MobileRead Forums - View Single Post

CalibUser · 11-01-2015, 03:34 PM

Update for the ePub Tidy Tool

A new version, v0.1.1.6, has been attached to the first article in this thread and the manual has been updated.
This plugin has been tested on Windows 7 and requires that Python 3 is installed on your computer.

The following features have been added:

Has a new customised word list. Some words may be accepted by the spell checker because they are spelt correctly but an incorrect word is used. For example, sometimes the word "modern" is read by an OCR package as "modem". In this case the words needs to be checked manually. You can provide a list of these words for the plugin to process. It will find each of these words and present the paragraph that contains it, together with an alternative word. You can then select the alternative word or retain the original word.
Has an option tick box for processing Greek text
Fixes incorrect Greek words that have Π, ώ, ω and έ missing (fix provided by gipsy)
Has an extra option for processing span tags: Change to small uppercase italics. This can change the text that has the style "font-variant:small-caps" to upper case italics in a smaller font than normal and puts the span tag <uCaseSmallItalics> around the capitalised text. This allows you to define a class uCaseSmallItalics in a css file to allow a smaller size font to be applied to the italicised capitalised text
Has an option for importing a CSS file so that you can use your preferred format for text.
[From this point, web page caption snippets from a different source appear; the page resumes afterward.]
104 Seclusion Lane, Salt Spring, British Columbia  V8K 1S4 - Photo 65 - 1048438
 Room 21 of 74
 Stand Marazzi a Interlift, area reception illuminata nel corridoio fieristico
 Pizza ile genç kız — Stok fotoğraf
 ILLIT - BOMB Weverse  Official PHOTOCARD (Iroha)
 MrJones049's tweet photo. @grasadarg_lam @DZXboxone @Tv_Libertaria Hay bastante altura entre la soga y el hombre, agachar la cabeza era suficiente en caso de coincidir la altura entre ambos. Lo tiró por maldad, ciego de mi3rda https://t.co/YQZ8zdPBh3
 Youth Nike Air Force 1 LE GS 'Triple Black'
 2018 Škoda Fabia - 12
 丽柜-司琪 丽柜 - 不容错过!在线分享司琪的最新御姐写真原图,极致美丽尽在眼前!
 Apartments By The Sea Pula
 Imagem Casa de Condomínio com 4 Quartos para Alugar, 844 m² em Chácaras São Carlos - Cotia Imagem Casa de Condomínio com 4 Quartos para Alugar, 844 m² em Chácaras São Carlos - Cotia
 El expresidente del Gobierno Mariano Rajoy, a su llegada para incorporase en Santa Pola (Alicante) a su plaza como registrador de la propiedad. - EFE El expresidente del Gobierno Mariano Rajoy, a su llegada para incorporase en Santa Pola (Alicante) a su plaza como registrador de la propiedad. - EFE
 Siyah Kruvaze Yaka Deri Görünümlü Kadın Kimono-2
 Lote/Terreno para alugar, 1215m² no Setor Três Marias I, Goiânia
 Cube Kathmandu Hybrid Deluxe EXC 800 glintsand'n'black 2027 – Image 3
To use the customised word list you need to install Beautiful Soup. Instructions for this are given in the manual for Windows 7; for other systems (Mac, Linux)please search the web.

Important: Beautiful Soup will change all html mark-ups (eg &lsquo

to a single character (in this case, a left single quote mark) when it processes text. To ensure that the text processed by Beautiful Soup matches the html file exactly, it is necessary to tick the box Replace HTML code eg &msdash; to find all suspect words. This will change html characters in the ePub to single characters that are used in the search.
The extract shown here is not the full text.